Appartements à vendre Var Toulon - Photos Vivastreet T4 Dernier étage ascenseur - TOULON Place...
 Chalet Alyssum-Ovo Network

=======

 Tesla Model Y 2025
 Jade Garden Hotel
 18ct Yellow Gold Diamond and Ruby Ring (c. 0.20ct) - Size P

=======

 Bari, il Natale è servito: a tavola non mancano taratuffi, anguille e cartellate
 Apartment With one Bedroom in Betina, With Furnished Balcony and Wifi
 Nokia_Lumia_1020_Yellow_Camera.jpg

=======

▸ REQUIRED WORK
Set down, exactly as they stand above, the lines starting with the line with "Appartements à vendre" and going on through the line with "Chalet Alyssum-Ovo Network", and no others.

▸ TASK SOLUTION
Appartements à vendre Var Toulon - Photos Vivastreet T4 Dernier étage ascenseur - TOULON Place...
 Chalet Alyssum-Ovo Network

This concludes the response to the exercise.